İnancımız, tarihi misyonumuz, kültürel değerlerimiz, insanlığımız bize insanların huzur ve mutluluğunu ilke edinmemizi, onların mutluluğu ile mutlu olma erdemine ulaşmamızı, veren el olmamızı. Biri birlerine huzur veren insanların oluşturacağı huzur toplumunun tesisi için gayret etmemizi emretmektedir. Böyle bir toplum insanın ve tüm insanlığın en büyük özlemi ve hayalidir. Bunu oluşturma gayretini Allah c.c. Müslümanların sorumluluğuna tevdi etmiştir. Bu sorumluluğun idrakinde olarak, yaşantısını merhamet, isar, hakkaniyet, diğergamlık, ve ihsan (yaptığı her şeyi Allah’ın gördüğü bilinci) anlayışı üzerine kurarak dünyada başkalarına verdiği huzurla huzur bulan, ahirette Rabbimizin cennete buyur ederek huzur buldurduğu salih kullardan olabilmemiz dua ve temennisi ile…
Sa hocam, elinize sağlık. Yazınız aynı zamanda tevbe süresi 29 ayetin bir tefsiri bir açıklaması gibidir. Ayeti kerîmede belirtildiği gibi, yer yüzündeki otorite veya hakim gücün neden İslam medeniyet tasavvuruna sahip olması gerektiğinin izahı hatta ispatıdır.

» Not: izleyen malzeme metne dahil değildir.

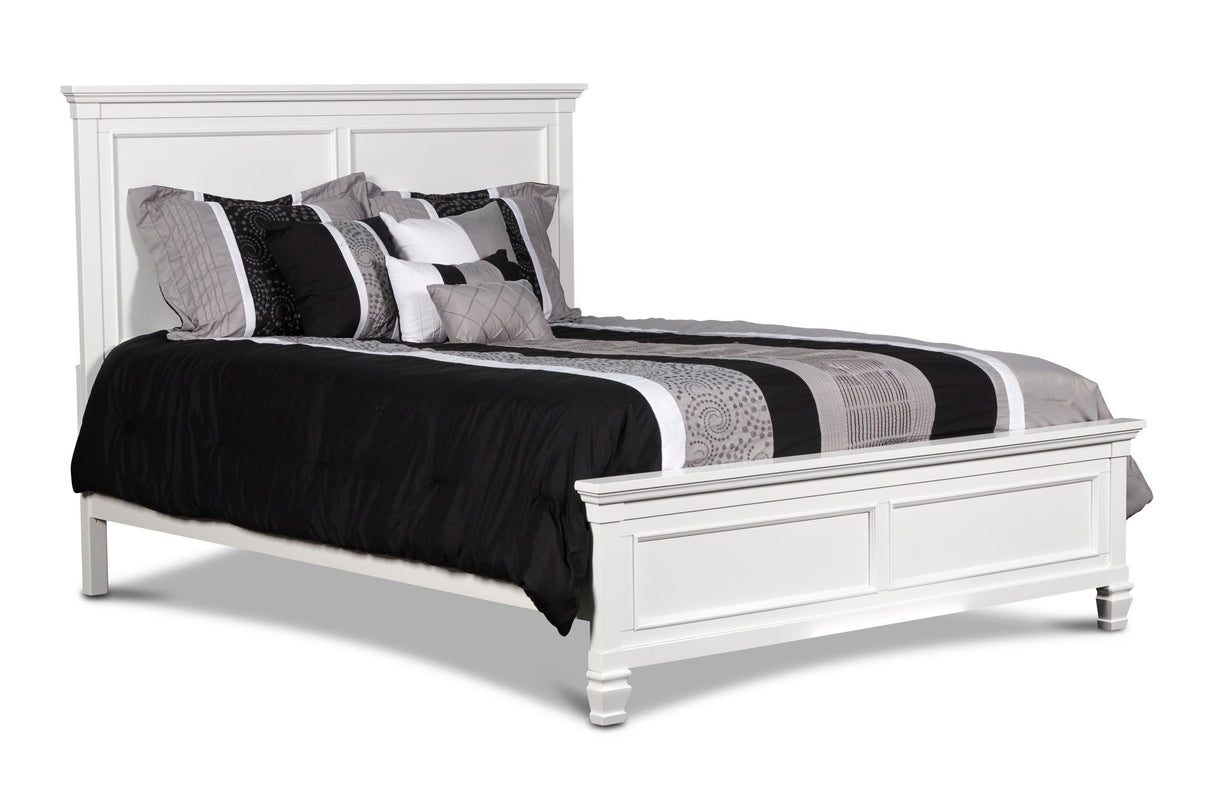 Tamarack - Cama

Her devirde özlemi duyulan muhteşem bir anlayış.
Amin inşaallah Rabbim razı olsun güzel nasihatlerinizden dolayı kıymetli abim
Hocan ne güzel yazı olmuş. müslümanların dertlerine ilaç gibi. Rabbim bu şuuru hepimize nasip eder inşallah.
Çelenli Hocam; günümüz toplumunun meselelerini insani, dini ve sosyal yönleriyle tahlil ederek;BİR NEVİ KENDİ KENDİNE LİDERLİK kavramına ışık tutarak insanın kendi davranışlarını kontrol ettiği, belirli stratejileri kullanarak kendi kendini etkileyip, yönlendirebildiği bir sürece yol göstermiş oluyorsunuz.
Harika bir yazı.
Bu güzel yazınız için çok teşekkür ederim değerli öğretmenim. daha sık yazmanızı bekliyoruz. merakla takip ediyoruz.
Bu tür yazılara ve bu anlayışa çok ihtiyacımız var. Menfaat dünyasına dönmüş yaşantımızıda unuttuk bu güzellikleri. Allahım sen bize yardım et. Teşekkür ederim güzel kardeşim.
Ne kadar muhtaç olduğumuz bir anlayış. Müslüman toplumun olması gereken vasfı. Bu gün olmaması biz müslümanların kabahati. Allah razı olsun hocam, her zamanki gibi mükemmel bir yazı olmuş. Kaleminize sağlık.